Дума высится, как фараонов дворец, с освещенным прожекторами фасадом и золотым двуглавым орлом, распластавшимся на высоте в холодном воздухе зимы. Там у них какая-то своя жизнь, довольно странная. Радостно мигают две высокие новогодние елки, упрятанные за охранный забор. Это, видимо, отдельные какие-то елки, депутатские. Я предполагал, что те, кто выходят из Думы, будут смотреть на собравшуюся толпу с недоумением, но ошибся: они не смотрят никак. То есть просто сквозь. Сначала из высоких дверей вышел высокий человек в элегантном длинном пальто, несший на плечиках белоснежный пиджак, и удалился в черный автомобиль. Потом выбежал игривый клерк, почему-то с гитарой.
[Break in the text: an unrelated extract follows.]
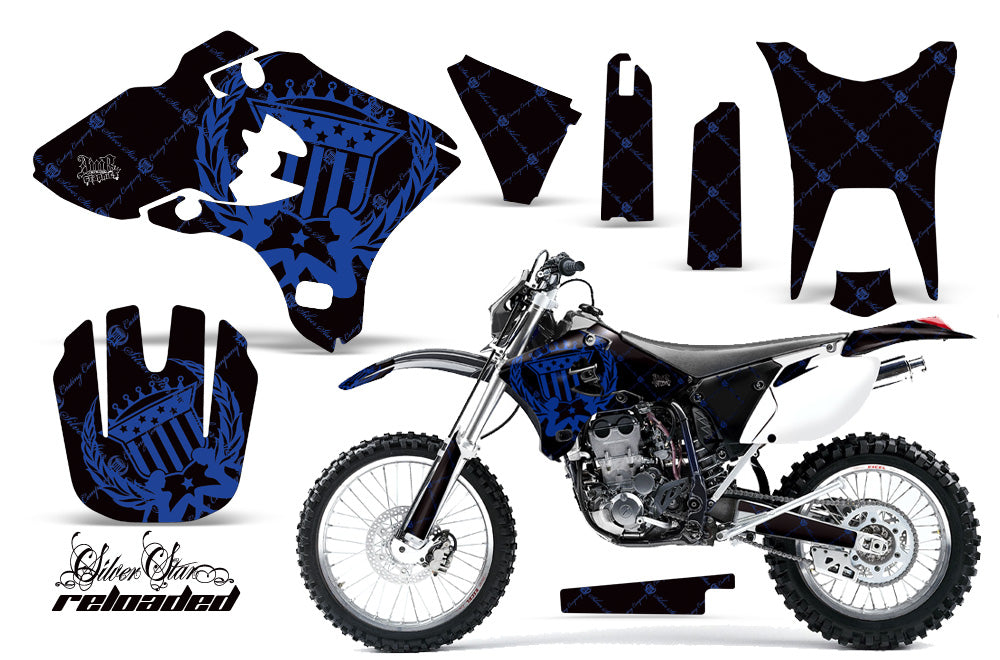 Dirt Bike Graphics Kit Decal Wrap For Yamaha WR250F WR450F 2003-2004 RELOADED BLUE BLACK-atv motorcycle utv parts accessories gear helmets jackets gloves pantsAll Terrain Depot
Особенно хороша была дама-депутатка в белой меховой шубе, вышедшая из Думы в сопровождении лакея, который, семеня ногами, забегал то слева, то справа, а она шла сквозь его подобострастную беготню с победительной улыбкой дивы на службе цезаря. Наконец он открыл ей дверцу сияющего, а может быть, даже благоухающего шампунем черного авто, и она села туда, одарила его улыбкой и уехала домой пить китайский чай в чашечке тончайшего фарфора. Ей надо было отдыхать, завтра с утра ей предстояла тяжелая работа: принимать предложенную президентом амнистию.
Черные машины у Думы стояли длинными рядами и ждали депутатов. Я обошел их ряды, заглядывая в кабины. Шоферы все были мужики в теле, очень спокойные. На бурлящую вокруг толпу протестантов и на абсурдные действия полиции, зачем-то винтившей просто стоящих на месте людей, они не обращали никакого внимания. Двое полицейских волокли мимо машины молодого человека с тубусом в руках (он даже не успел развернуть свой плакат), а шофер машины был в это время в уютной полутьме кабины и в трех тысячах световых лет от жалкой планеты Земля. Двумя руками он держал планшет, на дисплее были еще две руки с пистолетами, и он, четырехрукий, мчался с этими пистолетами по коридорам Армагеддона за монстром и палил, палил, палил. Болотная? Где? Какая Болотная?